Top of Task material

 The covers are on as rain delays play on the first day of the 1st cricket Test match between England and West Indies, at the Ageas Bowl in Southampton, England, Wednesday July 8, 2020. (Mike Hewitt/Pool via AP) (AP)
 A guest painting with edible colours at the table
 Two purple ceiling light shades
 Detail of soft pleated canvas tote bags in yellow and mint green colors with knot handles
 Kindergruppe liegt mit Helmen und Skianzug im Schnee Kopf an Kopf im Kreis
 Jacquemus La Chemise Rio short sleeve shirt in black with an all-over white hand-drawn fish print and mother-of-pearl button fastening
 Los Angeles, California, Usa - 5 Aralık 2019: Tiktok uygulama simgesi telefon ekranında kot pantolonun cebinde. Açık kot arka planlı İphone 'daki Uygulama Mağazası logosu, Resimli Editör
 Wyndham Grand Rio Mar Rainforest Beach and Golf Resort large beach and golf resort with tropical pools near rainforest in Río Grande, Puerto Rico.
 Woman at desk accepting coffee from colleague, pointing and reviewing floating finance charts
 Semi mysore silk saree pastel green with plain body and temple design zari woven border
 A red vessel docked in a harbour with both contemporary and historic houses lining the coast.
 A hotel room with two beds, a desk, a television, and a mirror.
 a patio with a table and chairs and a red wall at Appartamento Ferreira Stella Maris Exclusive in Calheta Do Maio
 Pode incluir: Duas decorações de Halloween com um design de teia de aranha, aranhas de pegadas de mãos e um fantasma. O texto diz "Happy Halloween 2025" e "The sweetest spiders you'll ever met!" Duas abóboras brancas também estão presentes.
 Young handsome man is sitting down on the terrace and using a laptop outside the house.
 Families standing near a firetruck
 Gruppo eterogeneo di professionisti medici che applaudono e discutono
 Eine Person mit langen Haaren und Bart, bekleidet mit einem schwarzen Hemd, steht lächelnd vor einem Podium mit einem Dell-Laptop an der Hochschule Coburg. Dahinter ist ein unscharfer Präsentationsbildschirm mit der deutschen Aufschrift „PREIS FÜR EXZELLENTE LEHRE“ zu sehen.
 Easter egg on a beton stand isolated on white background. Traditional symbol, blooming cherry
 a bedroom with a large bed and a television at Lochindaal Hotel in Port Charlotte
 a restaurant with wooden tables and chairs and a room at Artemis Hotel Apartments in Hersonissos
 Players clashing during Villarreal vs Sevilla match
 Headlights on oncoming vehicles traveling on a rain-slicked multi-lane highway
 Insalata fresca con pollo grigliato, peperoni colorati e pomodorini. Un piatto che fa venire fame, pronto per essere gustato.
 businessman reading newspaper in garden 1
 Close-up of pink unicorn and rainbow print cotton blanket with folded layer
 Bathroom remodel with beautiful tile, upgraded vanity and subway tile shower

Bottom of Task material

*Problem*
Find the string "television" in the entries above and return each line that holds it.

*Finished exercise*
 A hotel room with two beds, a desk, a television, and a mirror.
 a bedroom with a large bed and a television at Lochindaal Hotel in Port Charlotte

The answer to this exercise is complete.